Overall at the board level, people are pretty happy with the performance that we have delivered so far. We do discuss different scenarios, questions from a board’s perspective. And from the people’s side, which is again about the integration of the workforce. These are the things that keep coming up, and we continuously talk about it.
KEY CHALLENGE AND REGRETS
Scale: Our main challenges will continue to be scale and integration. Also, it is a question of countries, a question of diversity, and how you integrate that workforce. I don’t think we have cracked that problem, but we have improved from what we used to be earlier and we will continuously have to improve on that process.
Technology: Technology will continue to evolve every three-five years.
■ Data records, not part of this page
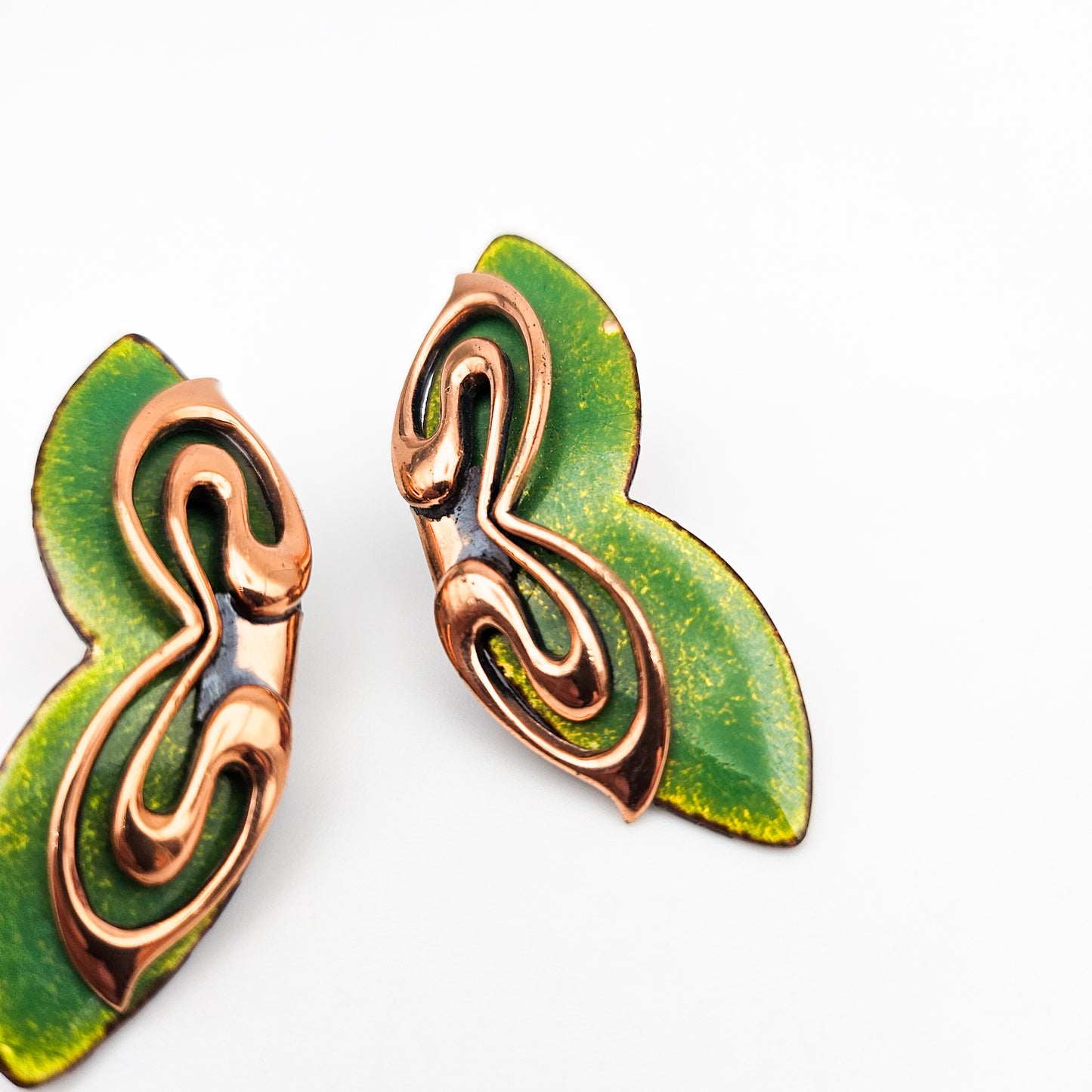 Signed Matisse Green Enamel Butterfly Earrings | Mid-Century Copper Jewelry
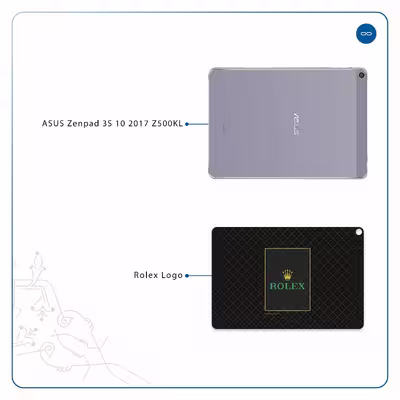 برچسب پوششی ماهوت مدل Rolex-Logo مناسب برای تبلت ایسوس Zenpad 3S 10 2017 Z500KL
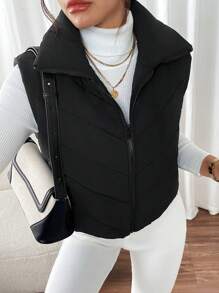 SHEIN Frenchy Vrouwen dons gewatteerde kraag mouwloze jas, winter, vrouwen mouwloze rits casual warme gewatteerde jas, winter vrouwen jas, zwarte jas, winter vrouwen kleding, zwarte jas, retro, elegante vrouwen, festival kleding, zakelijke casual vrouwen,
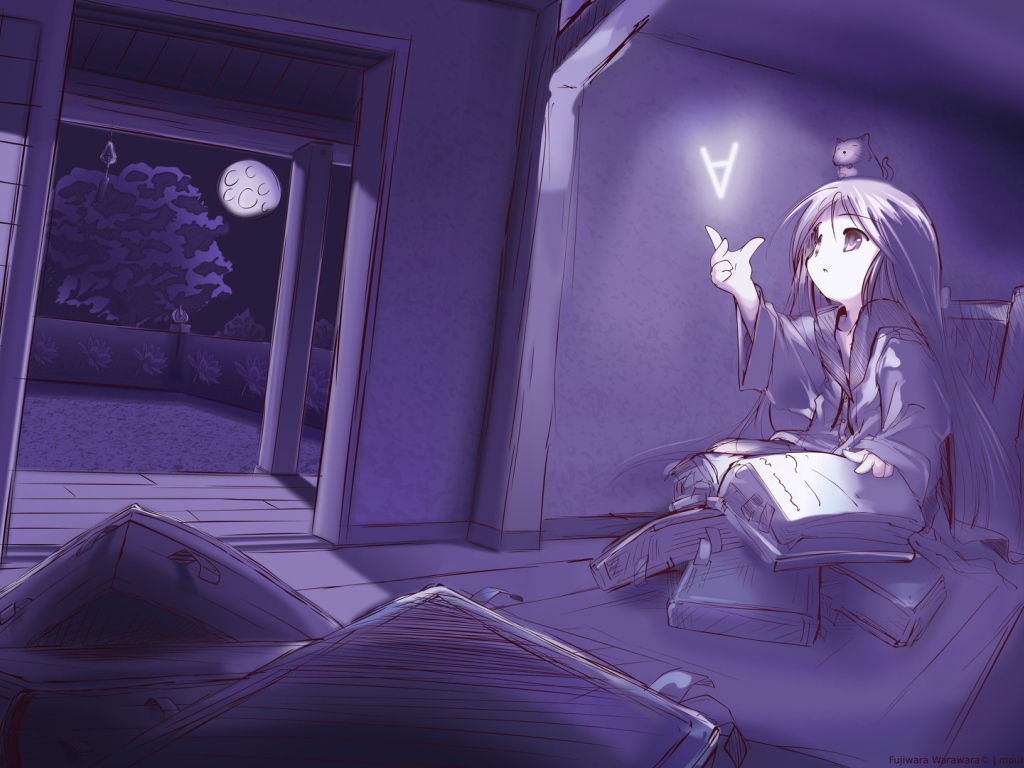 Девочка аниме ловит букву из книги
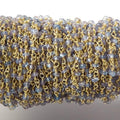 3mm Tanzanite Plain Rondelle Vermeil Chain by the foot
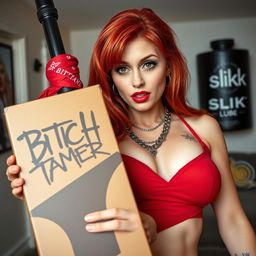 A close-up shot of a sexy female redhead with a large chest, wearing a tank top adorned with punk chains, showcasing her appealing cleavage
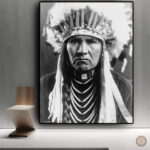 Tableau Amérindien représentant l'art traditionnel western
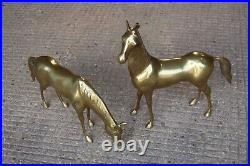 Pair of Large Vintage Solid Brass Bronze Standing Horses Ornaments Statues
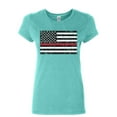 thumbnail image 1 of Tee Hunt American Flag Thin Line Women's T-Shirt Firefighter First Responder Shirt, Light Blue, Small, 1 of 4
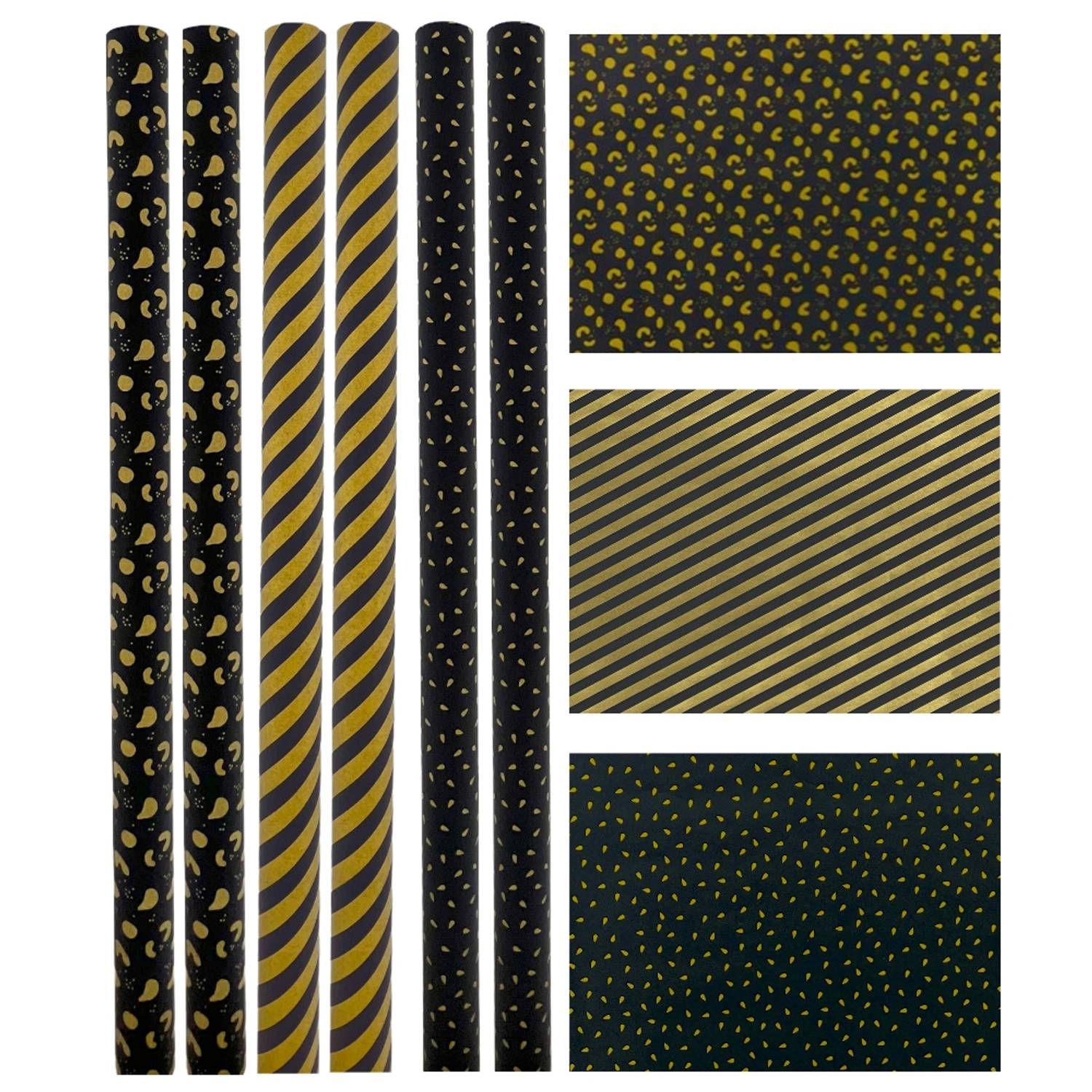 Benza Eco Kraft Extra Sterk Geschenkpapier Cadeaupapier - Zwart en Goud - 6 Rollen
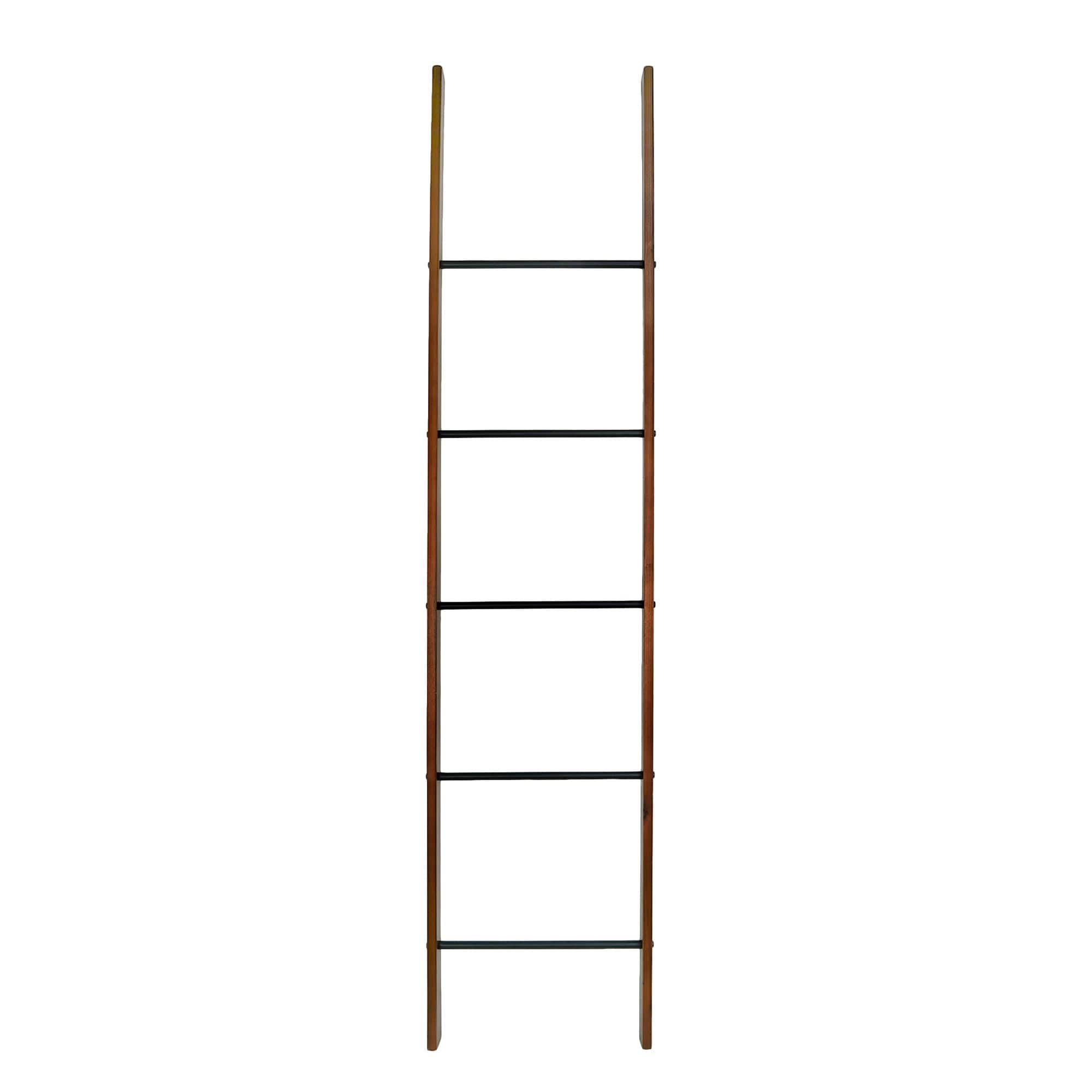 6.4ft. Metal & Wood Decorative Leaning Ladder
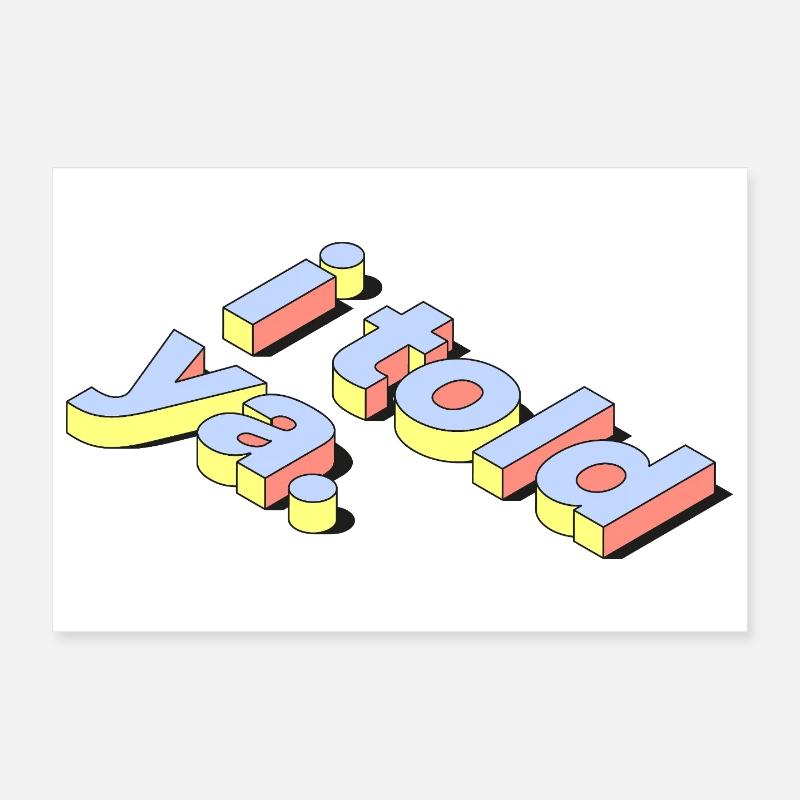 I Told Ya | Retro Pastel 3D Text Poster 30x20 cm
What we have been doing, the same thing now is on a bigger scale. So how do you face it? It is a challenge.
Regulatory differences: From a regulatory point of view, we have to manage risks and the risks are something that are critical in today’s time. So we have to ensure that everything is 100% as far as regulatory frameworks are concerned.
It is about integration in the workforce, which is something that we have to do. We are doing it, but we have to make significant improvement in that area.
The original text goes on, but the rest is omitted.